La disponibilità di enormi masse di dati, di algoritmi efficienti e di un potere computazionale senza precedenti ha spinto gli esseri umani su un percorso co-evolutivo assieme alle macchine digitali che abbiamo creato. Visto da una prospettiva evolutiva, ciò potrebbe sembrare un altro dei tanti processi evolutivi a base di tentativi ed errori, il cui esito porta in un vicolo cieco o a nuove forme di vita. Per quanto questo esito sia impossibile da prevedere, dovremmo ricordare a noi stessi che l’evoluzione culturale, guidata dalla scienza e dalla tecnologia, ha superato l’evoluzione biologica. Ha dotato la specie umana di capacità cognitive che le hanno consentito di generare entità, dispositivi e infrastrutture digitali con cui gli esseri umani interagiscono in modi sempre più intricati e intimi. Dovremmo conoscerli meglio di quanto loro conoscano noi, eppure siamo spesso tormentati dall’ansia che alla fine potrebbero dominarci.

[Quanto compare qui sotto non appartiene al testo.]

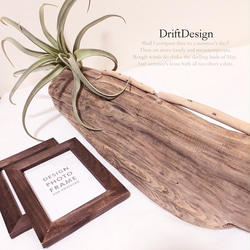 〜Drift Design〜　味わい流木とキセロ造花のデザインフォトスタンド　写真立て　フォトフレーム　インテリア 2枚目の画像
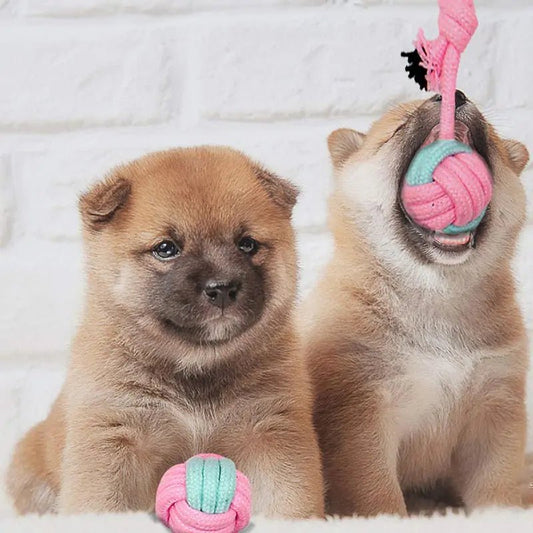 Pet Dog Chew Toys - Cool Gear Pro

Di conseguenza, oscilliamo tra la fiducia nelle tecnologie digitali che sono diventate i nostri compagni quotidiani pur essendo consapevoli che ci sono molte ragioni per diffidare e cautelarsi. Le preoccupazioni relative alla privacy e al timore della sorveglianza coesistono con un nostro comportamento colluso di cessione volontaria dei nostri dati alle grandi multinazionali (S. Zuboff, Il capitalismo della sorveglianza, Luiss 2019). Le possibilità di abusi e malfunzionamenti, di vulnerabilità ad attacchi hacker e altre forme di cyber-insicurezza permangono, mentre allo stesso tempo continuano a venire invocati scenari ottimistici relativi alle nuove opportunità. Insistiamo giustamente sul fatto che nelle situazioni critiche gli esseri umani debbano avere l’ultima parola sulle decisioni e sulle reazioni automatiche, e che la responsabilità debba essere già integrata in questo processo nel caso in cui le cose vadano per il verso sbagliato (S. Russell, Human Compatible: AI and the Problem of Control, Allen Lane 2019; B. Christian, The Alignment Problem. Machine Learning and Human Values, Norton & Company 2020).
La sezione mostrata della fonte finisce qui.